MS. BURWELL: Jacob, do you want to start on the economics and the December decision?

MR. KIRKEGAARD: Yeah. Well, I mean, I think this is, first and foremost, a problem for the U.K., quite frankly, because I think that what you will see is increasingly – I know that there’s talk of multispeed Europe, et cetera, but in the long run, because of the benefits that Ulrike talked about for the smaller countries of actually being part of the European integration or continental integration, I guess – y’all, I’m sorry; I forgot about the Irish – but I think that in the long run it will end up being 26. I feel very confident about that. And I will just say, you know, if you think about why that is, Poland is a member of the group, Westerwelle’s group, that Ulrike mentioned in the beginning. So this is very much not a, you know, EU 15. It’s a very – a group with everyone in, basically.

And you know, once Vaclav Klaus is out of office in the Czech Republic, you know, who knows what the Czech Republic will do? And then we’re into a situation of 26 vis-à-vis one.

So in the long run, I think, unfortunately, the politics of the U.K. is almost certain to keep it out of these deep sovereignty issues. How that is going to be squared away with – vis-à-vis particularly, of course, these financial markets and the role of the City of London, is a really good question.
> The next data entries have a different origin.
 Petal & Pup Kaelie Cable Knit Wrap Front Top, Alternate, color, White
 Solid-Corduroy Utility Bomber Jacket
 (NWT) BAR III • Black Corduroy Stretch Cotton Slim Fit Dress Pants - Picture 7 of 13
I mean, I guess I have some faith in the fact that at the day, as was – actually came out a couple of weeks ago in a Euroskeptic think tank, Open Europe, had a report on, you know, what should the U.K. do in this.

MS. : Yeah.

MR. KIRKEGAARD: And they actually came out and they said – and these are people who, you know, are Euroskeptics – saying that at the end of the day, the U.K. had more to gain from being inside than outside. So I think they will remain member of the EU, but whether or not it will be more sort of a special relationship than a full member – I think that’s very much up to debate. But they will not be part of the core in the long run, I think.

MS. BURWELL: They have – the Cameron government has been quite concerned about their ability to have influence over regulations on financial services, obviously because of the City of London. Do you think – even though that’s not a eurozone competency, it’s a single market – decisions made at the whole of the EU, rather than the eurozone level – but do you think they will be able to protect, if I can use that word, their interests in financial regulation?
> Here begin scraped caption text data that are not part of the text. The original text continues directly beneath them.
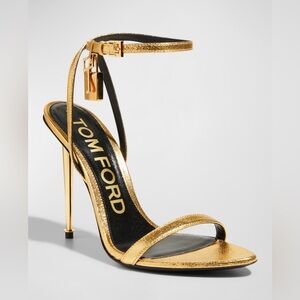 $1390 NWT TOM FORD Gold Lock Metallic Stiletto Sandals Shoes Size EU:36.5 US:6.5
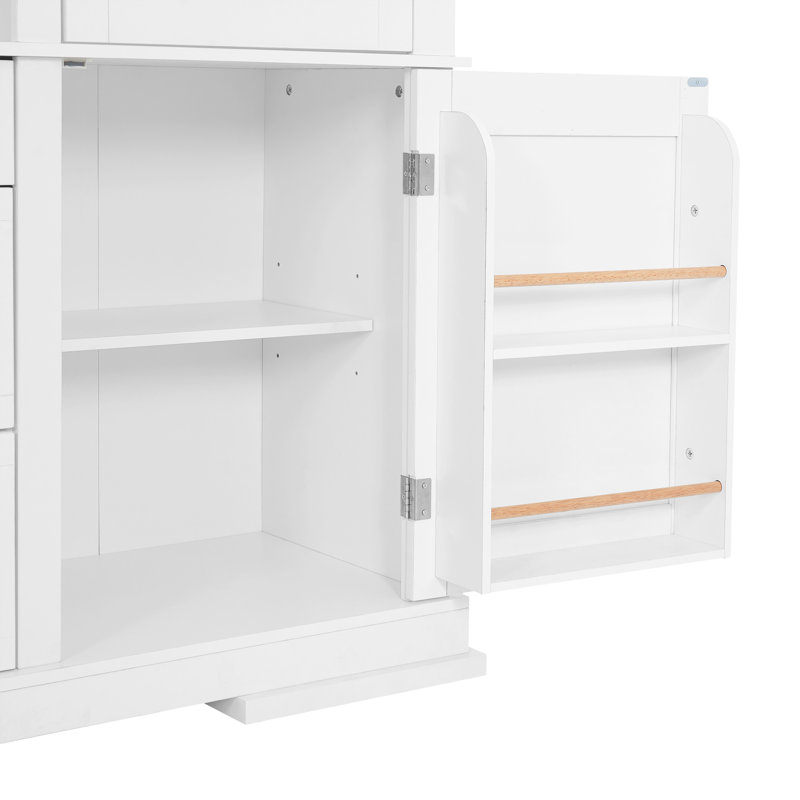 Grande armoire de cuisine avec huche, tiroirs et tablettes réglables Nelson, Blanc
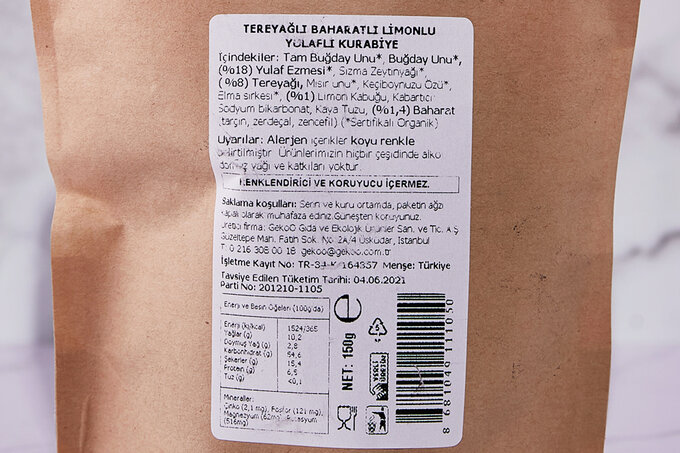 Tereyağlı Baharatlı Limonlu Kurabiye 150 g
MR. KIRKEGAARD: Well, certainly if they do it for the narrow party/political reasons that David Cameron chose to stay outside the fiscal compact, they will fail. I think it was a very stupid thing he did, because he basically chose to have a couple of good headlines in the Daily Mail and the other tabloids, rather than think about that decisions about financial services in the internal market already is taken by qualified majority, which means that David Cameron, in order to protect these things, actually needs allies the European Union already. And by staying out of the fiscal compact, that’s not a way to gain and get a lot of friends. So he made a strategic mistake for short-term gains.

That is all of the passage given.